The column that I wrote last week detailing a friend’s stay or leave dilemma made mention of the impact that skilfully managing up had on a person’s promotional prospects. That detail clearly exposed a nerve so raw that I was inundated with requests for clues as to how to manage up.
Not sure if it’s upbringing, gender stereotyping from a young age, or the sheer desire to do the best job possible in the time available, but women in general lag behind men in the managing up stakes. I’m no expert at this but I have observed some of the best in business during my 25 years as a manager. The top 10 behaviours (in no particular order) I have witnessed resonate with leaders and eventually the board are as follows:
- Be the bearer of good news, constantly. Feed through every small piece of positivity as it happens.
- Distance yourself from bad news. Clearly the negative result was the result of factors outside your control or the actions of a person who you will now sacrifice.

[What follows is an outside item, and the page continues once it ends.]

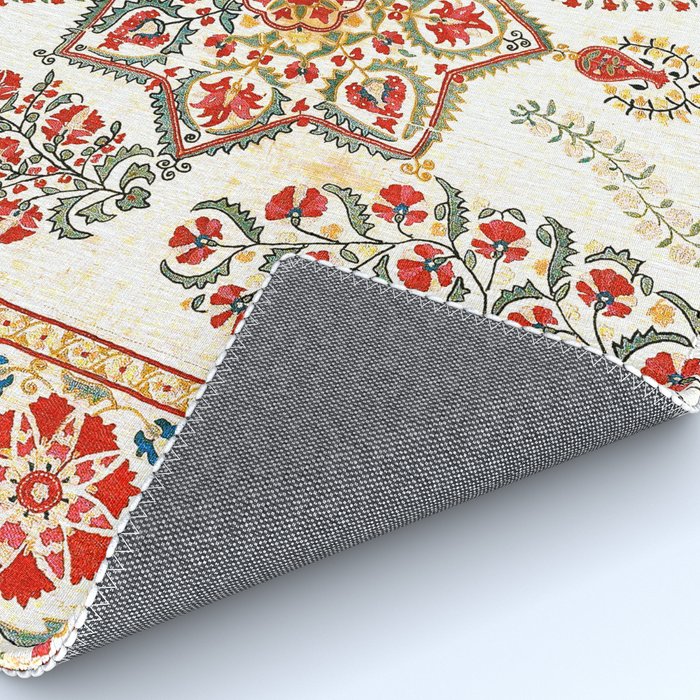Bokhara Suzani Southwest Uzbekistan Embroidery Print Rug Gallery Image 4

- Arrange a lunch with a group of industry leaders at a leading restaurant where one of your best friends is the celebrity chef. Invite your CEO and ask your chef friend to pile on the VIP treatment.
- Repeat the above at a golf day. Invite the celebrity chef for continuity. Your CEO is now starting to view you as a mover and shaker.
- Offer to do the CEO’s dirty work. No one likes to be the one to downsize a department so offer to do it for them.
- Find out your CEO’s favourite bottle of wine and drop one on his desk on a regular basis. Even better if you can link it back to a story about you and the celebrity chef.
- If the boss is going on holidays, do your best to get him an upgrade or at the very least a free bottle of French champagne. Then make sure he knows it was all you.
- Take sides. Listen to who the CEO is finding challenging and make sure it’s obvious that you do too.
- Deliver the CEO statistics that show where the competitors are weak. Never show him where they are strong. You don’t want to be associated with his negative moods, only his happy ones.
- Dress in a power suit, especially on Fridays if the rest of the office has an informal casual dress code for that day.
The problem with all of this is how do you find the time to focus on and complete that list when you have a full-time job delivering the company’s results? I have tried to keep my managing up strategy quite simple to ensure that I don’t ignore it but so that it also doesn’t consume my week. There are only three steps to my managing up plan. This is also how I have encouraged my management teams throughout my career to manage me.
- Regular reporting on the drivers that matter. In my business that’s revenue, cost, traffic, people/culture.
- Regular discussion about new ideas and thinking with regard to growth opportunities.
- I also work on the ‘no surprises’ principle with regard to the company’s risk and reputation. Good or bad, my manager should always know what’s around the corner and how I am trying to solve a challenging issue.
Unfortunately I have never known my manager’s favourite wine or restaurant and I prefer my meetings with industry leaders and clients to have a direct purpose. I am too time-poor to spend any more time on managing up than that.
Do you do more than this? Has it been effective in your rise to the top?